The report covered detailed disciplinary data on the district- and school-level for the 2022-23 school year. This is the first time schools have had to provide the information due to a new law. Before this, only statewide data was available.

State Sen. Andrew Zwicker (D., Somerset), the bill's sponsor, said, "It's important that we get the data so we are not guessing. Now we have the data. It is clearly showing that there is a racial disparity in disciplinary action," the Inquirer reported.

The report mentioned that students of color were disciplined more harshly than white students for the same actions, adding that this was a national trend.

Statewide, 9% of Black students were suspended during the 2022-23 school year, which was more than three times the 2.7% of white students suspended. Over 4% of Hispanic students and 1.2% of Asian and Pacific Islander students were suspended in the same year.

Although Black students make up only 15.5% of New Jersey's student population, they represent 29.8% of school referrals to law enforcement and 28.9% of school arrests, according to the Department of Education.

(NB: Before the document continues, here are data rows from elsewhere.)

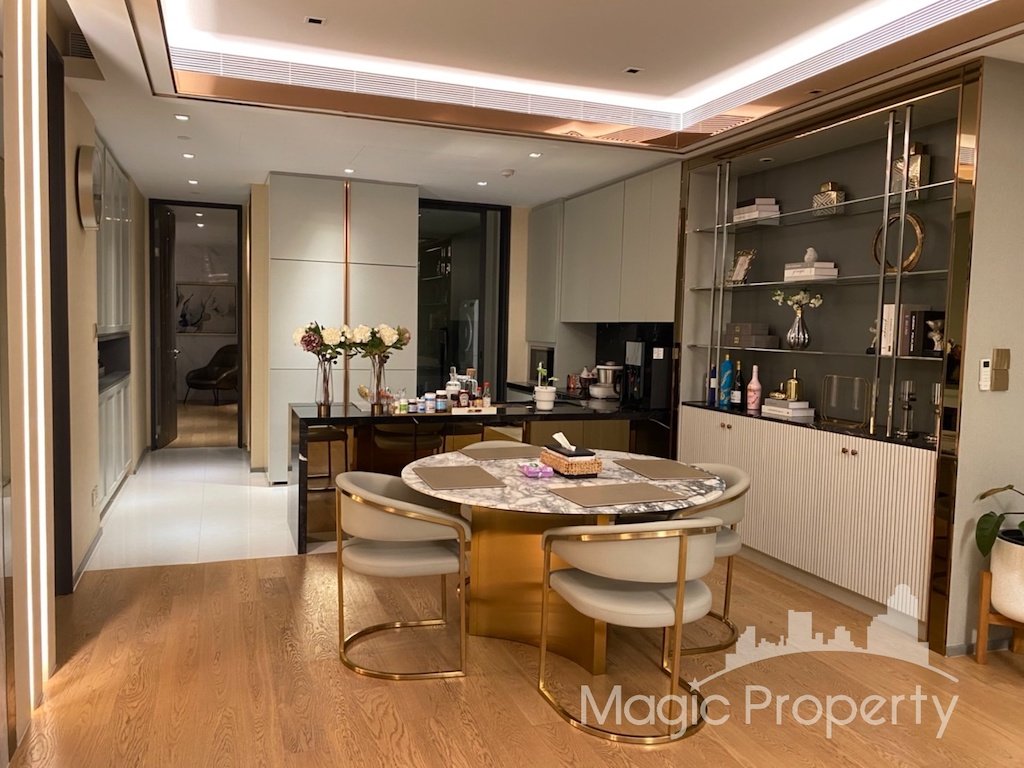 Luxury 3 Bedroom Penthouse For Sale in BEATNIQ Sukhumvit 32 Condominium, Khlong Tan, Khlong Toei, Bangkok..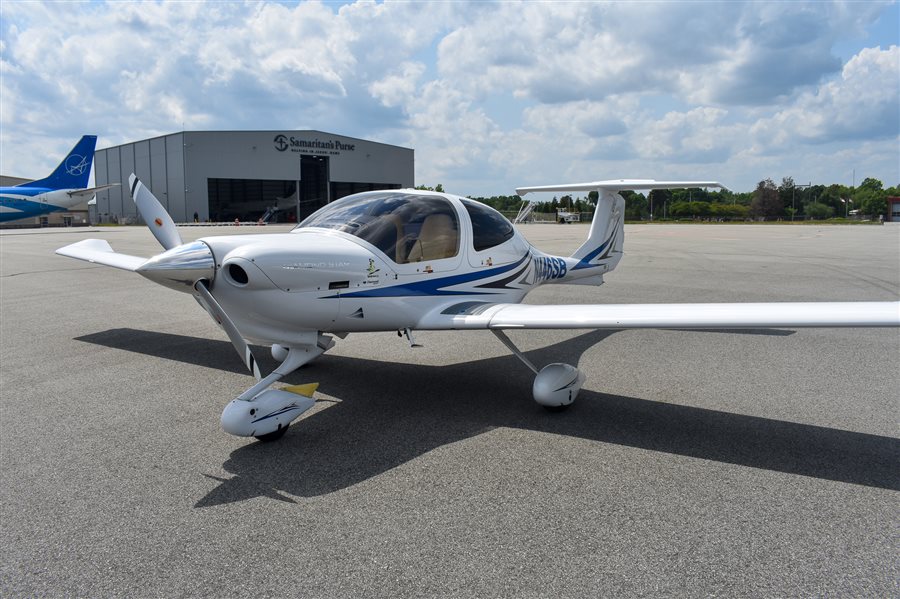 2005 Diamond DA40 Diamond Star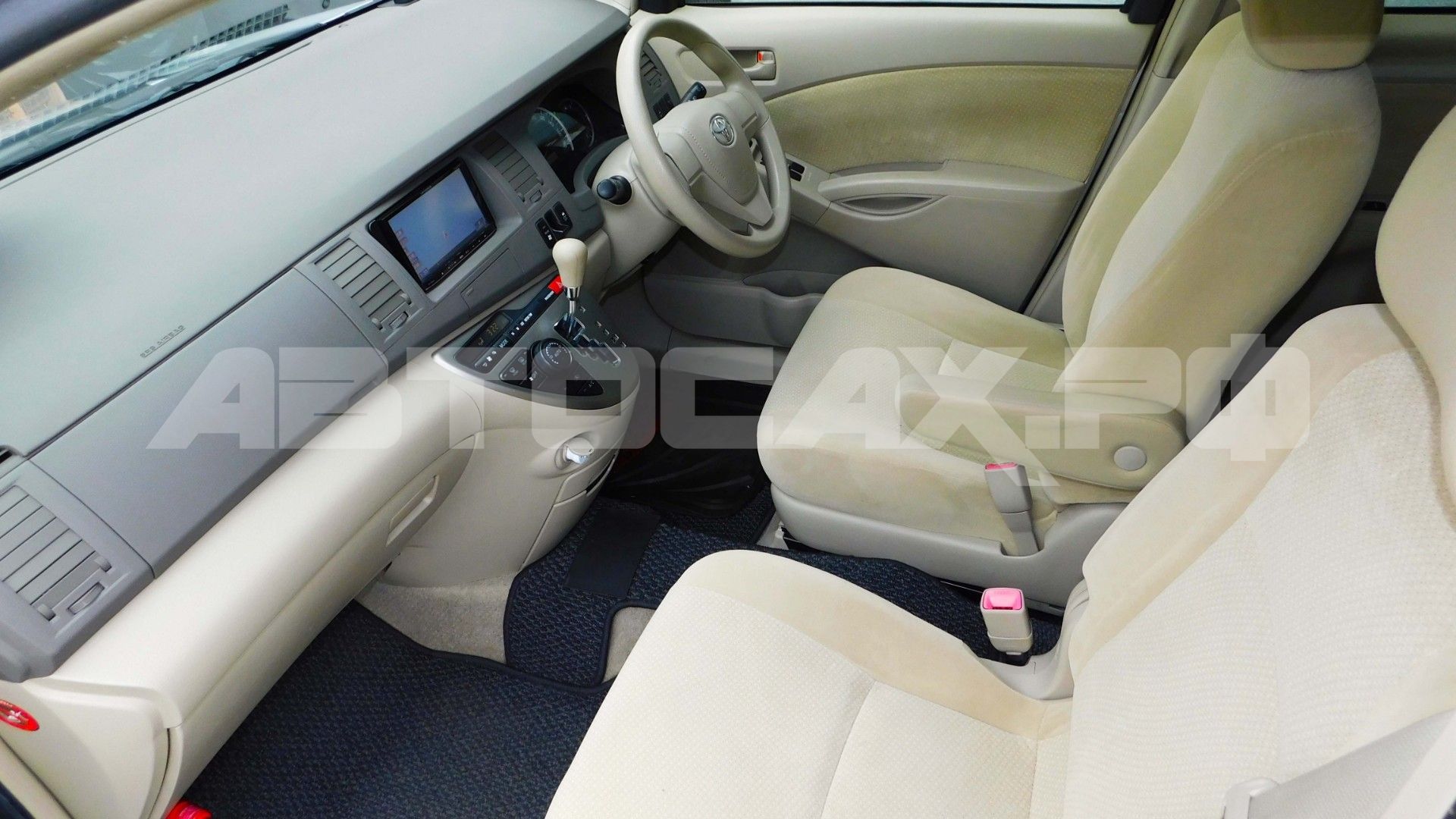 Toyota Isis 2015, Минивэн — фото 12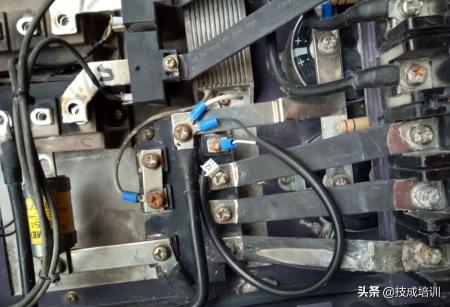 電機霍爾壞了換多少錢（老電工辛辛苦苦查了3個半小時的故障）
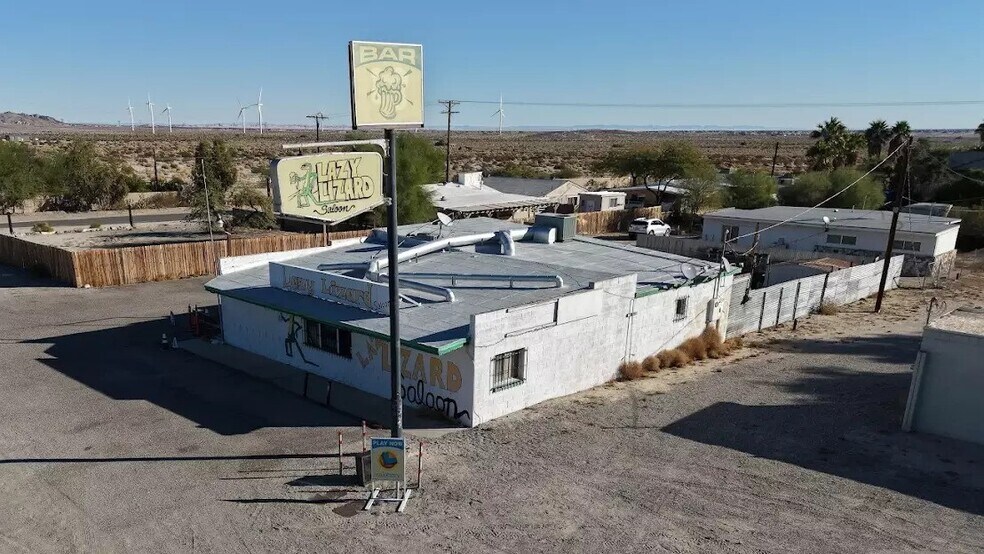1194 N Imperial Hwy, Ocotillo, CA à vendre - Photo du bâtiment - Image 1 de 20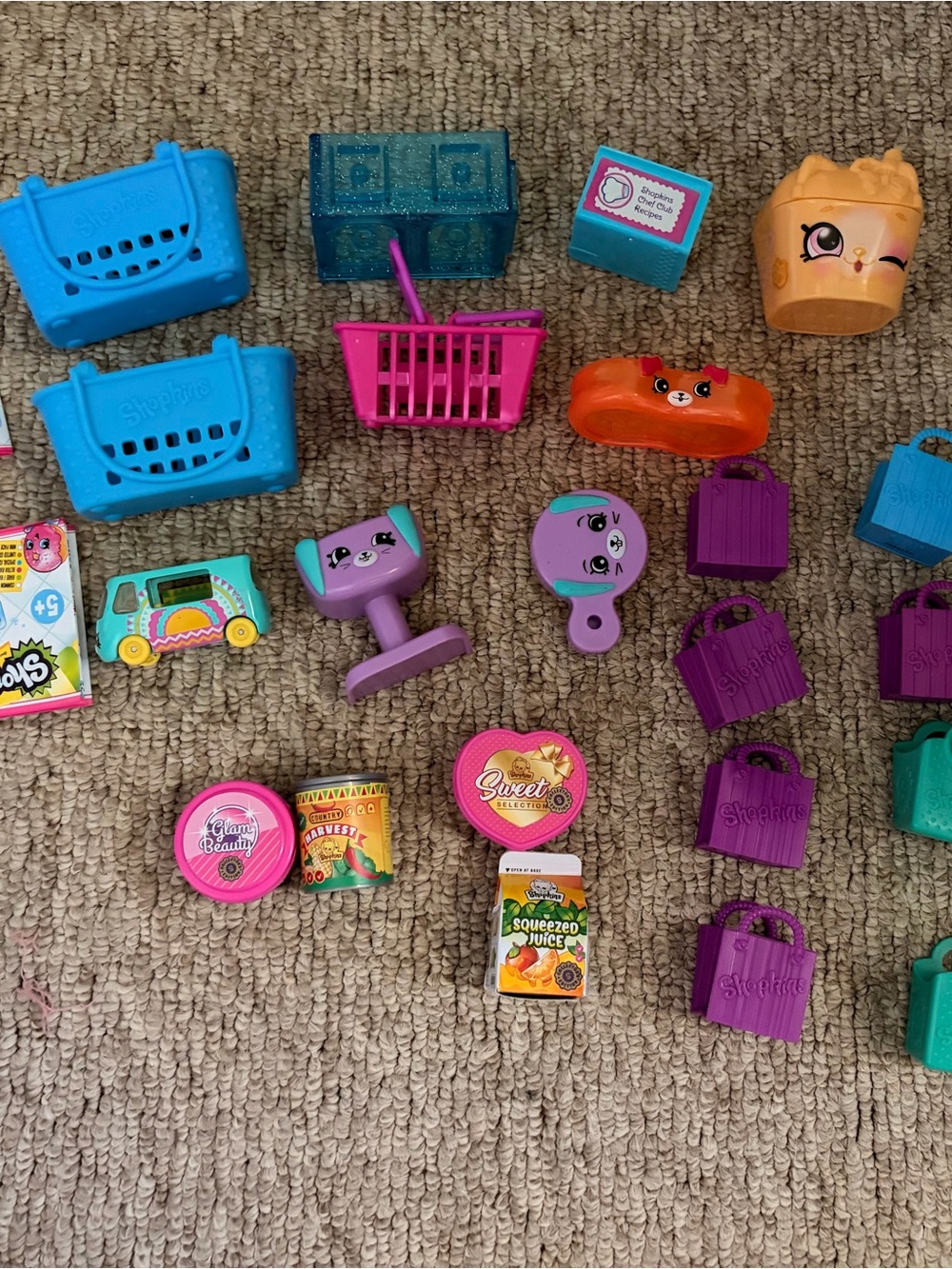 Shopkins Kids Toy Accessory Set - Mixed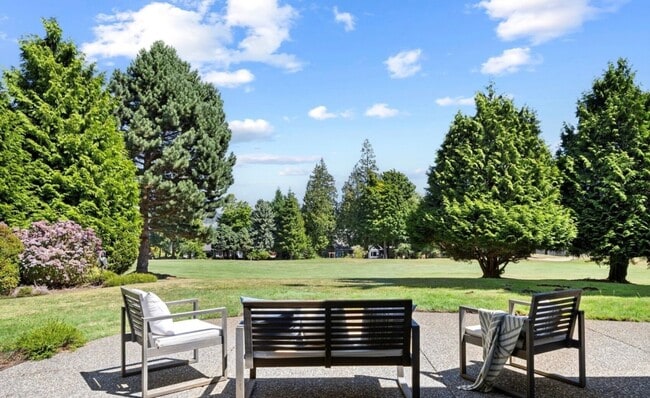 Building Photo - Beautiful Home in Semiahmoo!
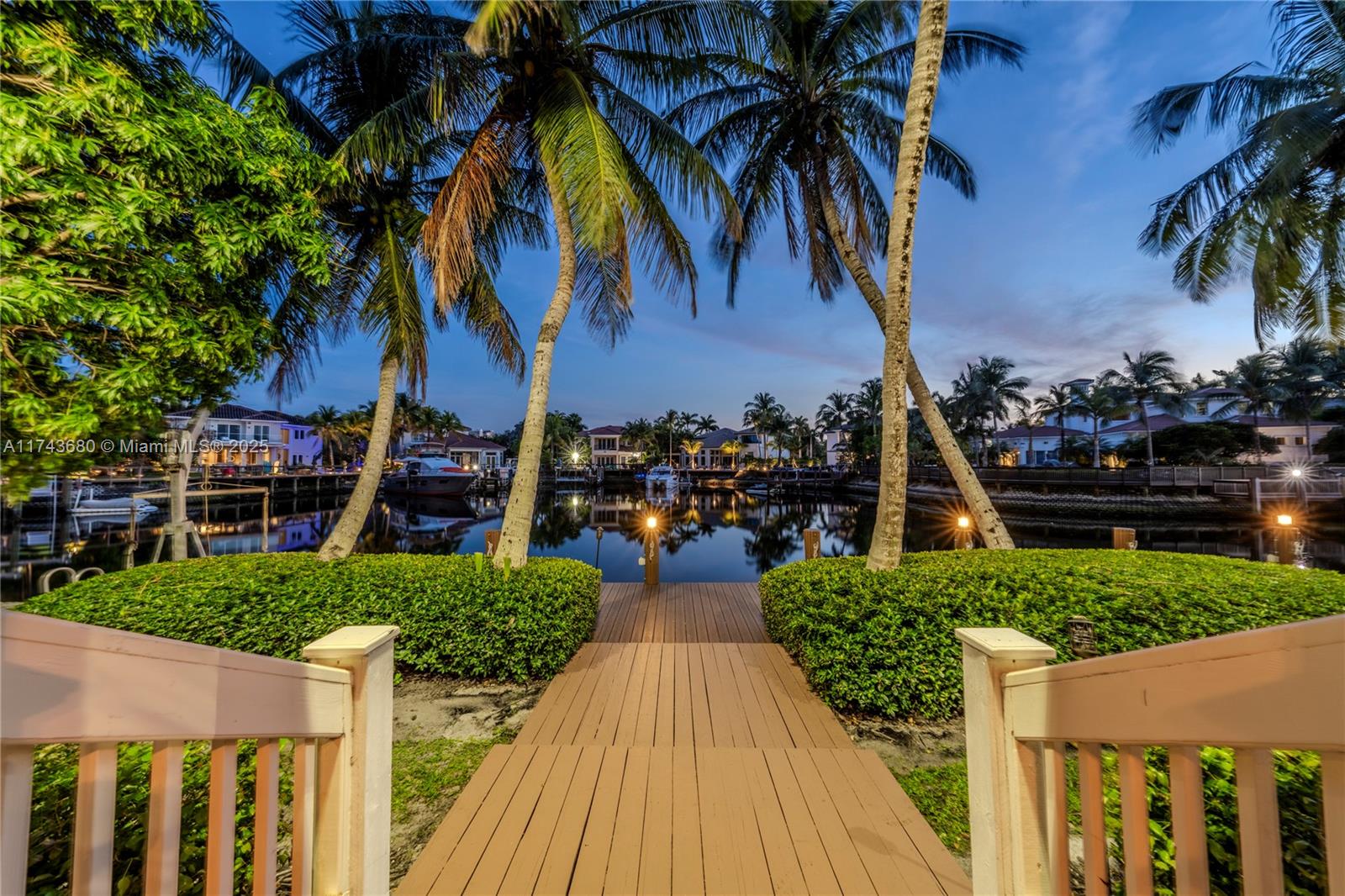 HOLLYWOOD GOLF ESTATES - Residential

Policy counsel for ACLU-NJ Joe Johnson explained that this disparity was due to racial bias, highlighting that there were at least twelve ongoing investigations by the U.S. Department of Education's Office of Civil Rights into claims of discriminatory discipline in New Jersey.

Johnson shared his concern that Black students were not only suspended more often, but also reported to the police. The report found that nearly half of the over 10,000 incidents reported to the police were not mandatory like assaults or weapons offenses, leading to 552 arrests.

"In an ideal world, the police would only be involved when they are required," Johnson added. "There is work to be done to determine why there are so many referrals."

The report mentioned that 61,132 students were suspended at least once, with 44,261 receiving out-of-school suspensions. Most students were suspended once for less than a week, but many were suspended multiple times.

In South Jersey, the districts with the largest gaps between suspension rates for white and Black or Hispanic students included Collingswood, Haddon Township, Cherry Hill, Haddon Heights, Palmyra, Mount Laurel, Clayton, Moorestown, Glassboro, Lumberton, Rancocas and Cinnaminson.